**TASK GOAL:**
The line holding "Személyek biztonsága |" is the last one to output; start at the first line of the data, keep every line in between exactly, and leave out pictures.

[Caption-style text data]
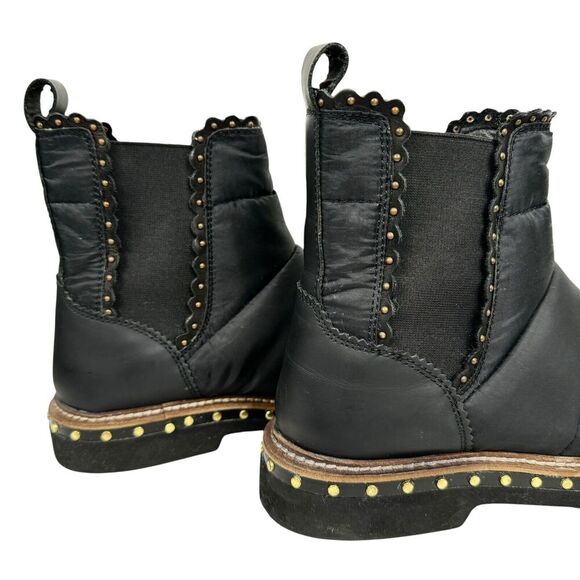 Free People Atlas Puffer Chelsea Boot EU 38, US 8 Black Leather Nylon Studs Goth - Picture 7 of 13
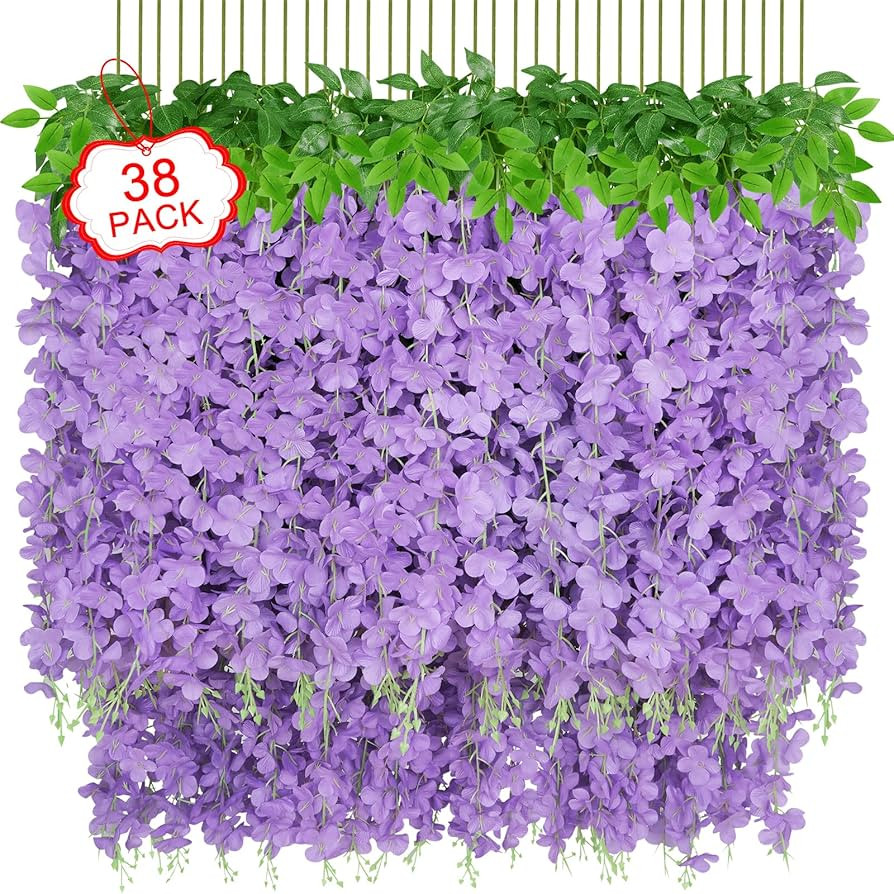 Yastouay 38 Pcs Wisteria Hanging Flowers, 3.77 Ft/Pcs Artificial Hanging Flowers, Purple Fake Wis... | Amazon (US)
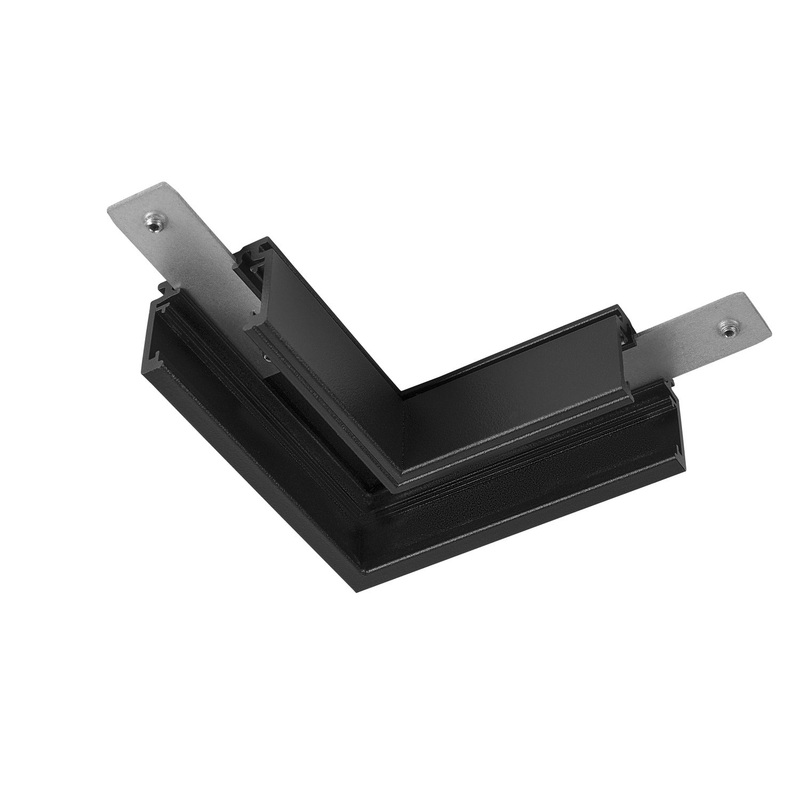 L-connector mechanical, 48V TRACK, for mounting track standard, right, black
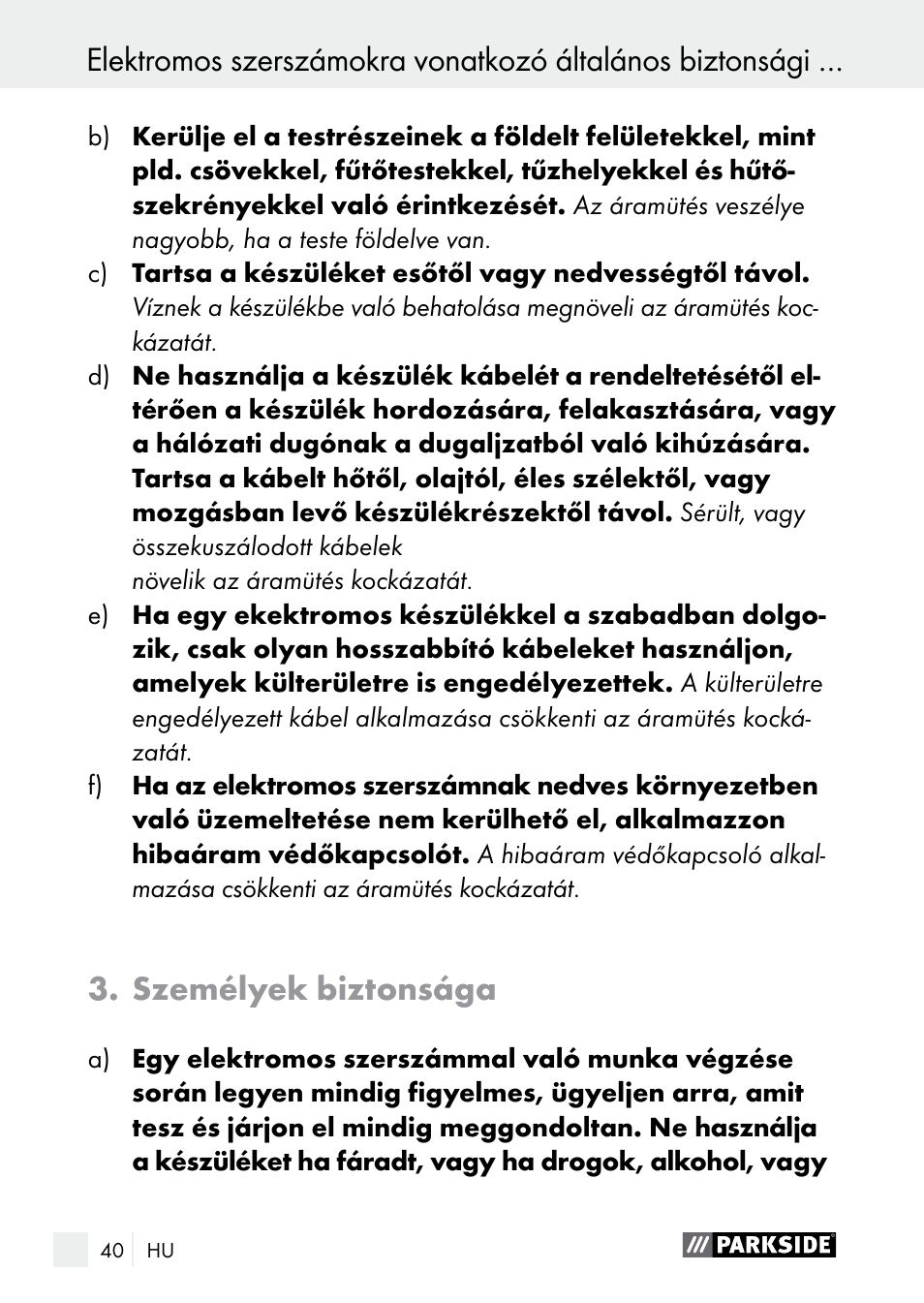 Személyek biztonsága | Parkside PGG 15 A1 User Manual | Page 40 / 96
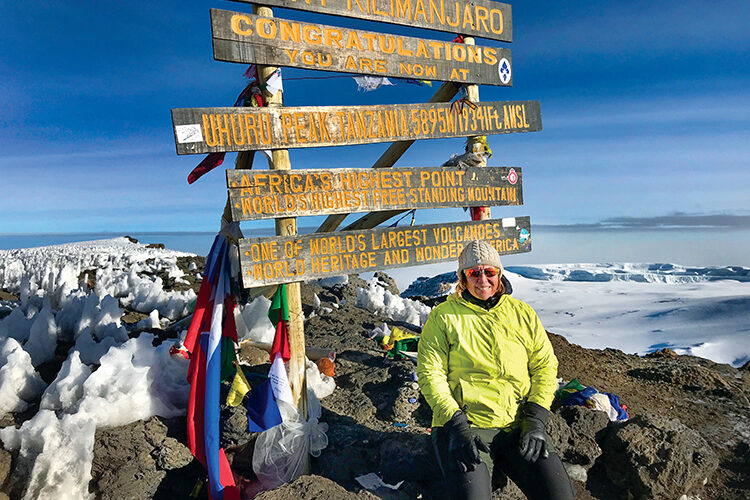 Sharon Feeney ’92 at the summit of Mt. Kilimanjaro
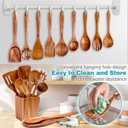 HOWHONG Wooden Spoons for Cooking, Premium Acacia Wood Kitchen Utensil Set, Handmade Wooden Utensils for Nonstick Cookware, Heat Resistant, Smooth Finish, Comfortable Grip, with Holder, Gift Ready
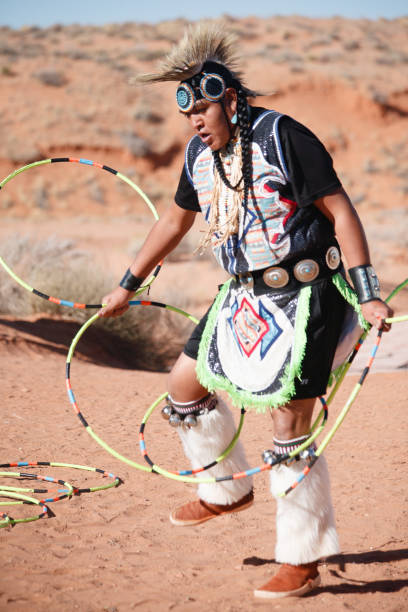 A Navajo Native American Man performing Traditional Dance stock photo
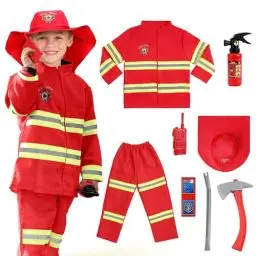 Produktbild: AYBUY Feuerwehr Kostüm Set für Kinder，Feuerwehrmann Kostüm Kinder，Feuerwehr Rollenspiel Set mit Spielzeug-Feuerlöscher，Waschbares Kostüm Feuerwehrmann Set für Karneval, Fasching, Mottoparty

**RESULT OF THE EXERCISE:**
 Free People Atlas Puffer Chelsea Boot EU 38, US 8 Black Leather Nylon Studs Goth - Picture 7 of 13
 Yastouay 38 Pcs Wisteria Hanging Flowers, 3.77 Ft/Pcs Artificial Hanging Flowers, Purple Fake Wis... | Amazon (US)
 L-connector mechanical, 48V TRACK, for mounting track standard, right, black
 Személyek biztonsága | Parkside PGG 15 A1 User Manual | Page 40 / 96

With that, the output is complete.